The main marks 12 and the secondary marks 14 are so arranged that, in the aforesaid alignment configuration, to each main mark positioned on one side of the aforesaid reference point 15, separated from the first main mark 12a by a given number of intermediate main marks 12 and positioned at a given distance from the reference point 15, corresponds a secondary mark 14 positioned on the same side as the reference point 15, separated from the first secondary mark 14a by a number of intermediate secondary marks equal to the aforesaid number of intermediate main marks 12 and distanced from the reference point 15, along the measurement straight line Y, by a distance equal to the aforesaid given distance, minus a length equal to the product of the tolerance multiplied times the aforesaid number of intermediate secondary marks.

The graduated scales 10, 13 configured as has just been described enable the operator to determine the displacement between the two work areas 5 according to the aforesaid measurement straight line Y and along each orientation, with a tolerance equal to the measurement tolerance and for a maximum displacement equal to the measurement tolerance multiplied times the number of main marks 12 positioned, with respect to the first main mark 12a, on the side corresponding to the aforesaid orientation.

Therefore, advantageously, the aforesaid configuration makes it possible to measure the displacement with high precision, while remaining simple and immediate to read.

The determination of the aforesaid displacement takes place in a wholly similar manner to the one used with a Vernier scale.

First of all, the main mark 12 is identified along with the secondary mark 14 whose intersections with the measurement straight line Y are the closest to each other. Then, the number of main marks 12 by which the aforesaid main mark 12 is distanced from the first main mark 12a, including the aforesaid main mark 12 but excluding the first main mark 12a, is counted, or else the number of secondary marks 14 by which the aforesaid secondary mark 14 is distanced from the first secondary mark 14a, including the aforesaid secondary mark 14 but excluding the first secondary mark 14a, is counted; lastly, the number thus obtained is multiplied times the measurement tolerance, obtaining the displacement.

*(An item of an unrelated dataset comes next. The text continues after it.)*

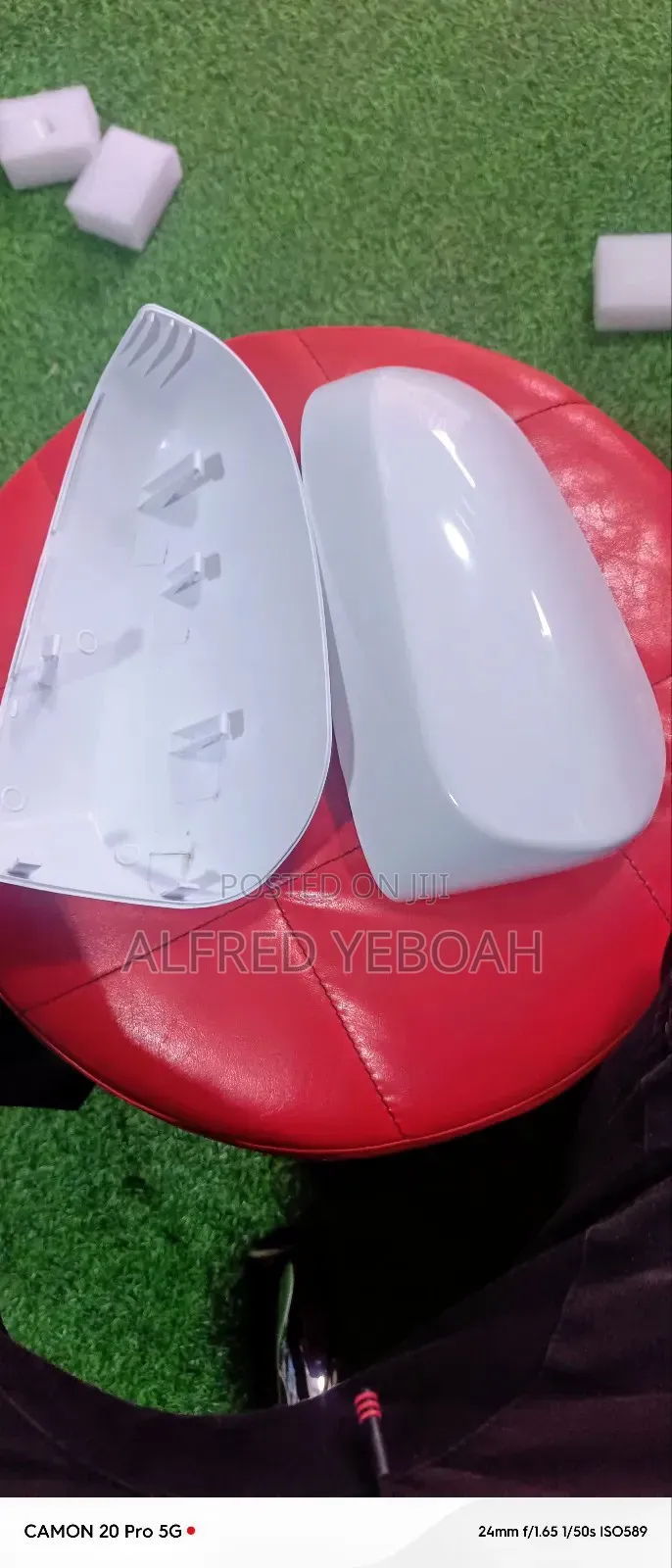 2014-2018 Toyota Corolla Side Mirror Cover No Light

Preferably, the main marks 12 are uniformly distanced from each other along the measurement straight line Y by a predefined step P. Consequently, also the secondary marks 14 are uniformly distanced from each other by a distance equal to the aforesaid step P, minus the measurement tolerance.

Advantageously, in addition to simplifying the reading of the misalignment, use of the aforesaid predefined step P makes it possible to utilise the first graduated scale 10 to measure misalignments greater than the maximum displacement described above. The number of main marks 12 between the first main mark 12a and the first secondary mark 14a along the measurement straight line Y, excluding the first main mark 12a, corresponds to the misalignment expressed in number of steps P of the first graduated scale 10. For example, if the first graduated scale 10, 101 , 102 has a step P of 1 mm, the aforesaid number corresponds to the number of millimetres of misalignment.

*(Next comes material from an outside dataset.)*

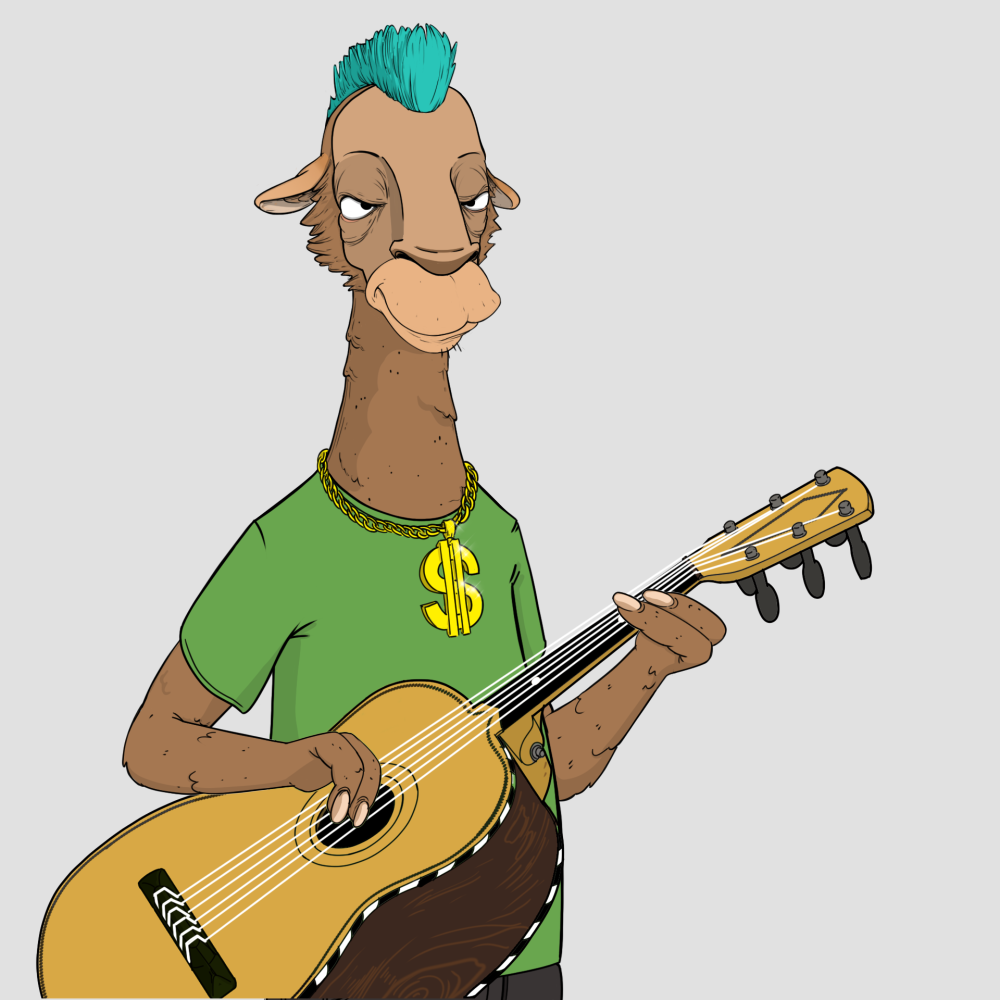 Jammin' Alpacas #4882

Preferably, the number of main marks 12 positioned, with respect to the first main mark 12a, on the side corresponding to the measurement orientation, and the number of secondary marks 14 positioned on the same side, with respect to the first secondary mark 14a, are both equal at least to the ratio between the aforesaid step P and the measurement tolerance. This, advantageously, makes it possible to measure any misalignment between zero and the step P of the first graduated scale 10, 101 , 102, according to the measurement orientation, with a tolerance equal to the measurement tolerance.

The definition of the two graduated scales 10, 13 can take place in the following way. First of all, the measurement tolerance is defined, as well as the maximum displacement to be measured with said measurement tolerance. The first graduated scale 10 is defined so as to comprise, on each side of the first main mark 12a, a number of main marks 12 at least equal to the ratio between the aforesaid maximum displacement and the aforesaid measurement tolerance and so that the step P is greater, or preferably equal, to the aforesaid maximum displacement. The second graduated scale 13 is defined so as to comprise, on each side of the first secondary mark 14a, a number of secondary marks 14 equal to the aforesaid number of main marks 12 and so that the distance between the secondary marks 14 is in relation to the step P of the first graduated scale 10 as described above.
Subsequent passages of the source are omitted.